[Stored data]

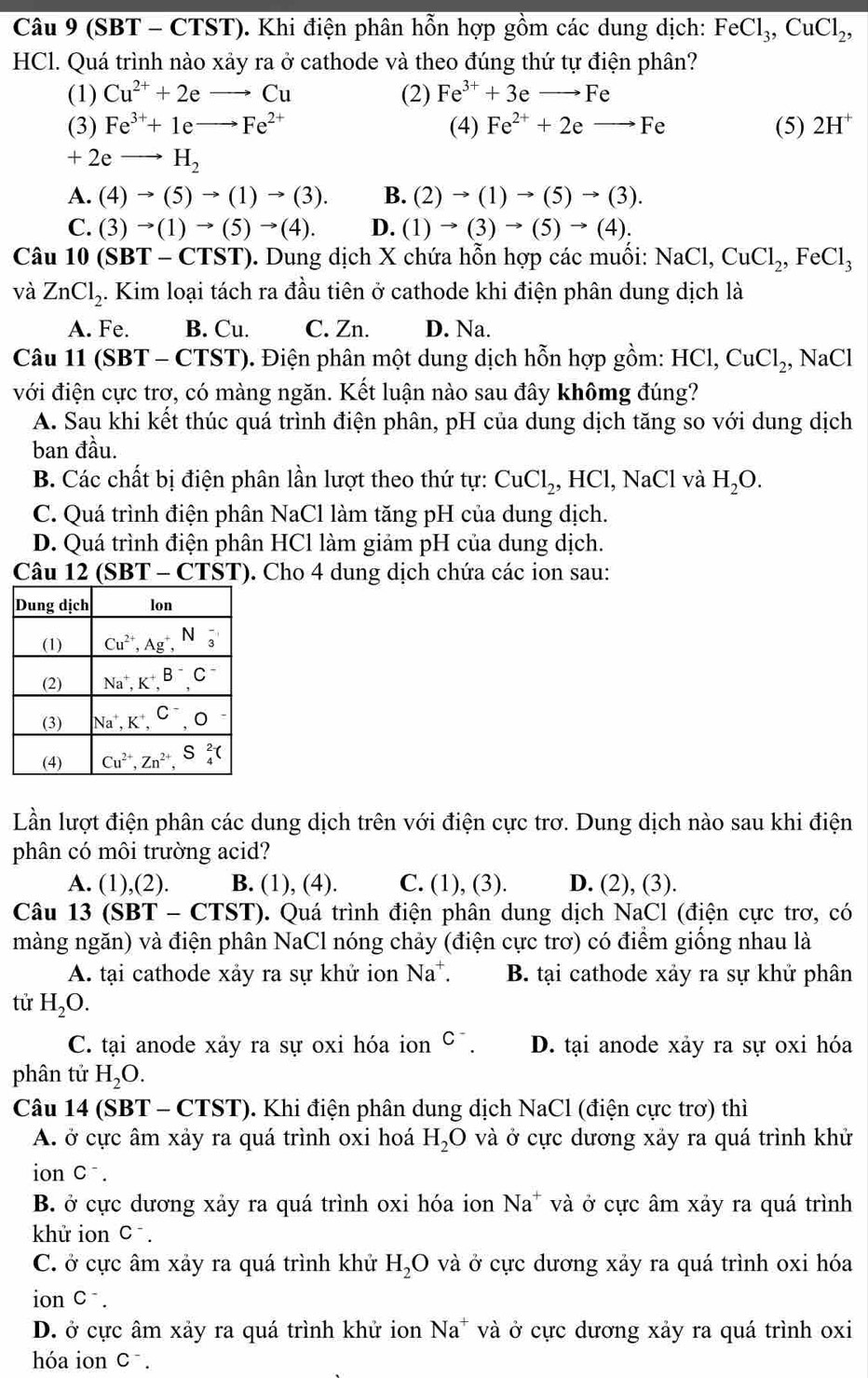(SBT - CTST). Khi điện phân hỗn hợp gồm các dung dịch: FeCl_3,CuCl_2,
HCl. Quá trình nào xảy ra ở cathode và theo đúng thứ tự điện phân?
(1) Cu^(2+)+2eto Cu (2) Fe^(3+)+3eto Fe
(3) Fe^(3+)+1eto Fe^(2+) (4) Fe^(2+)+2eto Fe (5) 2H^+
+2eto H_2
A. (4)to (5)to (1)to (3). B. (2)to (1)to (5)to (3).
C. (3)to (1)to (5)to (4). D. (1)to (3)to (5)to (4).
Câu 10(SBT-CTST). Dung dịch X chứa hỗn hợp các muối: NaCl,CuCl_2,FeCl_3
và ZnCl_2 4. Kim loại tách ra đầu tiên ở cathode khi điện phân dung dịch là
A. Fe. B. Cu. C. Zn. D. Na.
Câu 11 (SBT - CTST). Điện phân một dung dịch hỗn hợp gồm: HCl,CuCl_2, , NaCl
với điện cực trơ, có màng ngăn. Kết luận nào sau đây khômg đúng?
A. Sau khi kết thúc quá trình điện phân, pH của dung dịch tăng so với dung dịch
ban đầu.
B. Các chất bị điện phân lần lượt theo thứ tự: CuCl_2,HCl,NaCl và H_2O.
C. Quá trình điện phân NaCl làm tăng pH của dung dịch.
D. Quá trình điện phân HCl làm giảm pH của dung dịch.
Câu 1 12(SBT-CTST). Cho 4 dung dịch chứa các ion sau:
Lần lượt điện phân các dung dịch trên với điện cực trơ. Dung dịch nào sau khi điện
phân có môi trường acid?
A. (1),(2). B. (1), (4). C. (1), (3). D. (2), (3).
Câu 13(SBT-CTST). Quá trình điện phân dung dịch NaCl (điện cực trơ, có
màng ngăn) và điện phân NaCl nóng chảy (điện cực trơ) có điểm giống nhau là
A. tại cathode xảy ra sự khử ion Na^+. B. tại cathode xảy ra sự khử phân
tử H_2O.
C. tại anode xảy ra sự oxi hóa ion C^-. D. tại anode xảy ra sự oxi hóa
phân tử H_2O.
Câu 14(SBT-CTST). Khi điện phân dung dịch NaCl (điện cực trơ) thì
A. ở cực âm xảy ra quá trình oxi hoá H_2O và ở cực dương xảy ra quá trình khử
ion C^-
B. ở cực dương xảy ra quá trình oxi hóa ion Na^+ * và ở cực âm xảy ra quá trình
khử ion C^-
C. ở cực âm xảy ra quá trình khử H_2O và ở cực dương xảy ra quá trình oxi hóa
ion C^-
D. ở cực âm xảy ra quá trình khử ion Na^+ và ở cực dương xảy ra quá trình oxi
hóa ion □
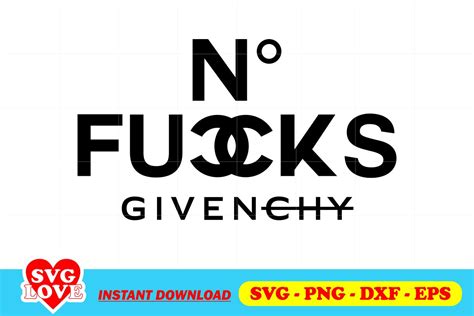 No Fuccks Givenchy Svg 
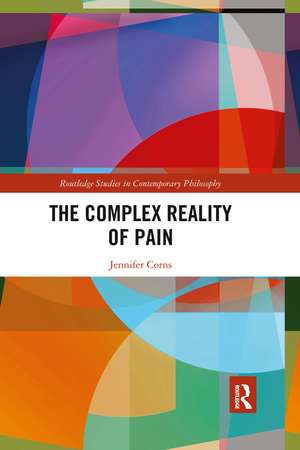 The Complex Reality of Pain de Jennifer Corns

### [Task goal]
Your answer must be the lines from the opening line of the entries through the line holding "và ZnCl_2 4.", written out exactly and without any picture.

### [Completed task]
(SBT - CTST). Khi điện phân hỗn hợp gồm các dung dịch: FeCl_3,CuCl_2,
HCl. Quá trình nào xảy ra ở cathode và theo đúng thứ tự điện phân?
(1) Cu^(2+)+2eto Cu (2) Fe^(3+)+3eto Fe
(3) Fe^(3+)+1eto Fe^(2+) (4) Fe^(2+)+2eto Fe (5) 2H^+
+2eto H_2
A. (4)to (5)to (1)to (3). B. (2)to (1)to (5)to (3).
C. (3)to (1)to (5)to (4). D. (1)to (3)to (5)to (4).
Câu 10(SBT-CTST). Dung dịch X chứa hỗn hợp các muối: NaCl,CuCl_2,FeCl_3
và ZnCl_2 4. Kim loại tách ra đầu tiên ở cathode khi điện phân dung dịch là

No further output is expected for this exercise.